Novatek and its partners continue to push ahead with Arctic gas projects even in the face of economic sanctions. Images analyzed by HNN indicate at least 8 new gas carriers at various stages of completion. The first ones could be delivered later this year.
New satellite images reveal that despite obstacles created by western sanctions, a new fleet of ice-capable liquefied natural gas (LNG) carriers is taking shape. Images show at least eight Arc7 carriers for Novatek’s Arctic LNG 2 project at the Zvezda shipyard in Russia and Okpo shipyard in South Korea.
Currently 15 specialized Arc7 LNG carriers shuttle LNG along Russia’s Northern Sea Route for the Yamal LNG project. For Novatek’s next plant, Arctic LNG 2, the company is looking to double that figure.
In 2020 Novatek placed a number of orders with foreign shipbuilding companies Daewoo Shipbuilding & Marine Engineering (DSME) and Samsung Heavy Industries (SHI) as well as domestic shipyard Zvezda in the Far East.
Following economic sanctions in 2022, DSME canceled a contract with Sovcomflot for three ships due to non-payment and halted construction. French company GTT, crucial for the completion of gas membranes inside the carriers, also left the project.
European marine engine makers MAN and Wärtsilä also stopped providing their products, e.g. Azipod thrusters, to Russian companies, including the Zvezda shipyards.
While the exact status of vessels remains unknown, sources at DSME inform HNN that three vessels will be ready by the end of 2023, only a few months later than originally planned when contracts were signed in 2020.
Progress at Zvezda also appears steady.
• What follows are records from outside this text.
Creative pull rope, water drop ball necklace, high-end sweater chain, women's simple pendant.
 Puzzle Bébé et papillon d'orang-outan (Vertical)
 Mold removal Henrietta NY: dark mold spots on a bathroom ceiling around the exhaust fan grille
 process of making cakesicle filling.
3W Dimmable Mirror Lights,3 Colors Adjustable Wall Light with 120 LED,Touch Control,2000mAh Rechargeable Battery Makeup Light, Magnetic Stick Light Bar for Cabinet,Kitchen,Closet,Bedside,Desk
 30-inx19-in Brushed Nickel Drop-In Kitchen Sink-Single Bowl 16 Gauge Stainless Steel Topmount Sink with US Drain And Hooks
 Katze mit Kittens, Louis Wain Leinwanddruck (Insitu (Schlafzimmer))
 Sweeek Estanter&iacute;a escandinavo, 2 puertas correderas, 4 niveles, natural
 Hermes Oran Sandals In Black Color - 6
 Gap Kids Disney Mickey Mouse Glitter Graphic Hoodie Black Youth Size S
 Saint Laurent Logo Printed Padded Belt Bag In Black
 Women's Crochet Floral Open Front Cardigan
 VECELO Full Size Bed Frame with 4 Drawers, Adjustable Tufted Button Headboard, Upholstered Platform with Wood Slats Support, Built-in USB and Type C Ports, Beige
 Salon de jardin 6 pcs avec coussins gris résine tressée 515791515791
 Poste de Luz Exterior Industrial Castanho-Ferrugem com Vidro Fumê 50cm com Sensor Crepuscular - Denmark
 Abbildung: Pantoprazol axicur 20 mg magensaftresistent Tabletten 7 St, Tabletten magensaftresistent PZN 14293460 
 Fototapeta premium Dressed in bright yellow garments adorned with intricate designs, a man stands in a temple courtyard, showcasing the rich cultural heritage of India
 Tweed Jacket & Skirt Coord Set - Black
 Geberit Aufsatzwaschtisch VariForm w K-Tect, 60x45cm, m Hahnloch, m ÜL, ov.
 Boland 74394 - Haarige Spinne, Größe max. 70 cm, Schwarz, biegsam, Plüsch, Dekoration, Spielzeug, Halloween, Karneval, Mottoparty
Reports last year indicated that three Arc7 carriers under construction in Russia were around 50 percent completed, when sanctions took effect in mid-2022. These vessels now appear fully-built. Recent images show at least one of the vessels relocating within the shipyard under its own power.
The first production line for Arctic LNG 2 is being readied for transport from the construction yard near Murmansk to the Gydan Peninsula. Once production begins later this year the company will need 5-7 new LNG carriers to transport its LNG to Europe and Asia.
“One would think that 5-6 tankers are needed per liquefaction train. Certainly, if the NSR is open all year round to Asia, more turnarounds will be needed and this was likely planned as the 7 tankers under construction were expected to be in service between mid-2023 and early 2024,” explains Hervé Baudu Chief Professor of Maritime Education at the French Maritime Academy.
Novatek recently announced that it intends to begin year-round shipments to Asia in January 2024, further cementing its need for additional Arctic LNG carriers.